A team from Chinese security firm Qihoo showed how they could break into a car using a device they built for just Dh80, a considerably cheaper alternative to previous key cloning devices.
They revealed the ease at which thieves can slip under a vehicle’s security system to potentially steal it or override its safety controls.
“Vehicle systems use immobilizers to protect them from theft, by using specific numbers delivered by a key fob,” said Robert Leale, a senior engineer at Intrepid Control Systems.
“If you know those numbers you can pretend the key is in the vehicle and get the vehicle to start itself.
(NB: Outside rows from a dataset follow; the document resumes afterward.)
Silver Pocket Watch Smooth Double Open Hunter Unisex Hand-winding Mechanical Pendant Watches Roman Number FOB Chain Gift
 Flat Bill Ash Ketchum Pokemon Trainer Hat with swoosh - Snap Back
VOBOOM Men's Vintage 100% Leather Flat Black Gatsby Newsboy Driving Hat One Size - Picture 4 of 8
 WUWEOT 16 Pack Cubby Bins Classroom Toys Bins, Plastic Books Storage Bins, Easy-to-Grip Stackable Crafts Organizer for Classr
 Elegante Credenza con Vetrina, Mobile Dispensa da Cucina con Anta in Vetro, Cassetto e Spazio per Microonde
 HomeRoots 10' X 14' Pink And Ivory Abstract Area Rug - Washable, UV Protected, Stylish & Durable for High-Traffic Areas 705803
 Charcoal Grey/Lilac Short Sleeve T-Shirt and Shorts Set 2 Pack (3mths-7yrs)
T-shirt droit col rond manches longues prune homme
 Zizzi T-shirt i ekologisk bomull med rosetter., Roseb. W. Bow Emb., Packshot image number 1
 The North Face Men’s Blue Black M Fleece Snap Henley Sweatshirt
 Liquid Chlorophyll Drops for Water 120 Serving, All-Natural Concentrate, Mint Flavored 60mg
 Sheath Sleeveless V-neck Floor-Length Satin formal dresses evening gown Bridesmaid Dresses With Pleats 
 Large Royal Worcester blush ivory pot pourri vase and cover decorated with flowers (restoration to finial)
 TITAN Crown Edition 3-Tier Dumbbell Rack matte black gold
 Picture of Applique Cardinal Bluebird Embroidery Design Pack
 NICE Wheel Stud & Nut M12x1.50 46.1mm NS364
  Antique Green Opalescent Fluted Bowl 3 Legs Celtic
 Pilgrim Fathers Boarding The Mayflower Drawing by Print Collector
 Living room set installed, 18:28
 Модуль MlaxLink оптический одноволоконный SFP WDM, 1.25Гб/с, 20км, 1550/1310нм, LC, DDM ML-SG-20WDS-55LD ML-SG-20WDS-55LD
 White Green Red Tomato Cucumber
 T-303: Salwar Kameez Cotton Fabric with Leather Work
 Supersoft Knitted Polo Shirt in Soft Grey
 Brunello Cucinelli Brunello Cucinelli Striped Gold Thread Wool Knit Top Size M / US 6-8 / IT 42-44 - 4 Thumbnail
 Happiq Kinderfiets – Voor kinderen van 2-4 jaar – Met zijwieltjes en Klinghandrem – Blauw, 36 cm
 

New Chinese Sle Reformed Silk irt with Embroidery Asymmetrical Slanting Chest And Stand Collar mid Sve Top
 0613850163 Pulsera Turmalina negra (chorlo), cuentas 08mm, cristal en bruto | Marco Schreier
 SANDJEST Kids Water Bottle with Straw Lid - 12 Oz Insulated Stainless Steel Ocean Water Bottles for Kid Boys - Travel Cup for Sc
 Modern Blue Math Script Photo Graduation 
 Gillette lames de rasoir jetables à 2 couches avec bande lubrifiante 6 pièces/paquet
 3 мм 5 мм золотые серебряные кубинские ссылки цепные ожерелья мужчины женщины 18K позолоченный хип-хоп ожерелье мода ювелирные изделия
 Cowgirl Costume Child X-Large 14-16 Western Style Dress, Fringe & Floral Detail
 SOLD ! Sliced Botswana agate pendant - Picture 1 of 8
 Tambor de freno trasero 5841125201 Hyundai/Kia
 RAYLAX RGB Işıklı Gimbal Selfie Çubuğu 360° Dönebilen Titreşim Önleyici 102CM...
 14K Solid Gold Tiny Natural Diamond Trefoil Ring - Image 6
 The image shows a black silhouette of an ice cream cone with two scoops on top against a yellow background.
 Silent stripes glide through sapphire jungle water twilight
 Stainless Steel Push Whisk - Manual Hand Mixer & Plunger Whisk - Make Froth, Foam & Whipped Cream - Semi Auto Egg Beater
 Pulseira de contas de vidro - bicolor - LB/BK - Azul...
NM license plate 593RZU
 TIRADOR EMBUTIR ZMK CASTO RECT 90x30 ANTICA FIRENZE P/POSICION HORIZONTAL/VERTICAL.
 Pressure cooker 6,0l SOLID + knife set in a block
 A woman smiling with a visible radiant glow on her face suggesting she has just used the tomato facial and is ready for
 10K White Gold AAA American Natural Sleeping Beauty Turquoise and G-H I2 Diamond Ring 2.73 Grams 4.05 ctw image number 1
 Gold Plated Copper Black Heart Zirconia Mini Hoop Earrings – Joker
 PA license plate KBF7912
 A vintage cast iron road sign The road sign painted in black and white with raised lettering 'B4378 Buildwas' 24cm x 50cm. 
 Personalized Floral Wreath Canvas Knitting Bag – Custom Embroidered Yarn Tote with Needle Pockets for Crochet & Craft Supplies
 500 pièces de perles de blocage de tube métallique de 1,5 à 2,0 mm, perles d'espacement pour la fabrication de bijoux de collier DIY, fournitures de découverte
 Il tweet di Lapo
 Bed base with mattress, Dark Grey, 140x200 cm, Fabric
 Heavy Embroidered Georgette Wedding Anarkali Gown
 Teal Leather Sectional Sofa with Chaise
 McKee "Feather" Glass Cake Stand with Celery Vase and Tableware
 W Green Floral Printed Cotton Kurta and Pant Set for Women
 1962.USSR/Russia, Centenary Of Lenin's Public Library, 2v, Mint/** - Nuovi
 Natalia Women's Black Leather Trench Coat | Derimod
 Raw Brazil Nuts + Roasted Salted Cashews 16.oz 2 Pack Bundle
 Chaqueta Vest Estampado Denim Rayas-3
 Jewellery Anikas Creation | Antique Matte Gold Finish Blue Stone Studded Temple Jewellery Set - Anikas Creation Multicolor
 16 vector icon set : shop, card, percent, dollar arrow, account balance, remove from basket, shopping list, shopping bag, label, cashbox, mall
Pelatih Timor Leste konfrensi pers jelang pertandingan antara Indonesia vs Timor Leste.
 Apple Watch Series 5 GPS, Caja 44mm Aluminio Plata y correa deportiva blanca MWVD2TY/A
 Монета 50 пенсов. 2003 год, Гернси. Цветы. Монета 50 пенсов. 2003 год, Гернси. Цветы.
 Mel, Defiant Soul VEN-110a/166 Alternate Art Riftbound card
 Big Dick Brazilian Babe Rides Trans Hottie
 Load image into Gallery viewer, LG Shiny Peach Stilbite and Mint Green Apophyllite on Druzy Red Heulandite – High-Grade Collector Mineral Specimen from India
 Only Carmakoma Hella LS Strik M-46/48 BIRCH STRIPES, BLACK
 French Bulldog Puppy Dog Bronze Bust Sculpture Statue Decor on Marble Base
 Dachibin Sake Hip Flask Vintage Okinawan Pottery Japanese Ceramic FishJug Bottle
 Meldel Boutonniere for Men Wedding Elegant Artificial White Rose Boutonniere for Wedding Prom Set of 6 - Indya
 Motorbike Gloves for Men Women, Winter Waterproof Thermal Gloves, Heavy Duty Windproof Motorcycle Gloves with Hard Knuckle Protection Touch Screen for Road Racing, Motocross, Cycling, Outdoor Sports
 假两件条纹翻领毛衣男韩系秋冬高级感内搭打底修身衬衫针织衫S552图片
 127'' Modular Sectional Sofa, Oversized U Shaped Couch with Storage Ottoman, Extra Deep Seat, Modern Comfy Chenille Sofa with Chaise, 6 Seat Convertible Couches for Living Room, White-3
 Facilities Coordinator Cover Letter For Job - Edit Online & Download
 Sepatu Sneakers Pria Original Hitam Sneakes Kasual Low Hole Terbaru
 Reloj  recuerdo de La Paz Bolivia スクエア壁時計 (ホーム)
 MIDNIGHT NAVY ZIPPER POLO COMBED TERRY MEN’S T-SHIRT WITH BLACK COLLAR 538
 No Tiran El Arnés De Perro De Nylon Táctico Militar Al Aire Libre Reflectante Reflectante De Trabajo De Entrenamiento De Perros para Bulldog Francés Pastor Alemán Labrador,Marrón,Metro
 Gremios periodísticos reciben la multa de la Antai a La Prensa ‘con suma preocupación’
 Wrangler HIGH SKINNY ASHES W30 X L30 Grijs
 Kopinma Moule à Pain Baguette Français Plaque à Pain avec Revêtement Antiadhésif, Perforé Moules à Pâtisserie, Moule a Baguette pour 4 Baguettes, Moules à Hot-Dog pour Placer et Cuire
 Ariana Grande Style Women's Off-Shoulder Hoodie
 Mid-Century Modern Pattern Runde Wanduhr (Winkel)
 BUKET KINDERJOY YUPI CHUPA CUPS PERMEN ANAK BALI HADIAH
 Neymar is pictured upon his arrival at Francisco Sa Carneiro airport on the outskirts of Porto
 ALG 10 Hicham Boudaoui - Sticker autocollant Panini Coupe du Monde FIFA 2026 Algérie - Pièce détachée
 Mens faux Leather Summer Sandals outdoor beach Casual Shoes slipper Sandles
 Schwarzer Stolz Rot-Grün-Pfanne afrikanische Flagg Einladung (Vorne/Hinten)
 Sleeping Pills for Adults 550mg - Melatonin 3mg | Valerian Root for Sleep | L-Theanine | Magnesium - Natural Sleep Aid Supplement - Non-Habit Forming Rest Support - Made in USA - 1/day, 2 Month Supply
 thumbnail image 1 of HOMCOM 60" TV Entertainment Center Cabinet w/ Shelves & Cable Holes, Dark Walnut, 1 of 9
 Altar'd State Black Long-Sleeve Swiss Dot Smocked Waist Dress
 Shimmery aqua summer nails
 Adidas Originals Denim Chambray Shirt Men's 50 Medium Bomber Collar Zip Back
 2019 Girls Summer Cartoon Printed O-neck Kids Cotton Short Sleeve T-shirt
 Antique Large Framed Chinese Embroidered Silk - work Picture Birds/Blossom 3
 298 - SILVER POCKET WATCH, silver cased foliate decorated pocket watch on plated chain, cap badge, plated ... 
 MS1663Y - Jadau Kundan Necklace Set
And we can find those numbers by searching some vehicles schematics online.
“Another way is to send data from a laptop to a non-learned key fob to link to the car to give access, and they can be bought cheaply on EBay or from a vehicle dealer.”
Simple techniques like cloning key fobs, and accessing a vehicle’s computer system via a laptop, is becoming easier as more of a modern car’s controls are linked to a central on-board computer.
A Jeep 4x4 vehicle was used in the Hack in the Box conference demonstration, but experts said any vehicle was equally vulnerable to attack.
“It has been known for a number of years that cars have telematics that are easy to access with the right know-how,” said Eddie Schwartz, executive vice president of Cyber Services at DarkMatter.
“We see vendors building more systems that makes them more reliant on a car’s computer, making them even more at risk to hackers.
“They are not necessarily building security systems around that, it is often just access from a key fob, with no biometrics required such as facial recognition.”
Vehicle control systems can access brakes, fuel lines and airbags – so the possibility increases for disruption, particularly when these systems become tied to smart cities of the future when autonomous transport becomes mainstream.
The basic computer skills required to hack a work station, office server or network device are the same as hacking a car system.
Mr Schwartz said adding a second stage authentication for the driver, such as a pin code to start a vehicle, would help reduce a car’s vulnerability.
“The nuances are finding out which system is relevant to a particular model of car, and that information is available online through training programmes for vehicle technicians,” he said.
It is causing a big issue for manufacturers who have to ramp up their security skills to try and stay a step ahead of car criminals.
One hacker, who did not want to give his name, said all cars were vulnerable to attack.
“If you know the right language, you can easily talk to cars over the internet and basically control them remotely,” he said.
“We can do simple things like alter the reading on a fuel gauge, or even cause the car to accelerate or brake.
“I can even access cruise control.
“It shows there is a lot of work to be done before autonomous vehicles can be controlled safely within a secure network.”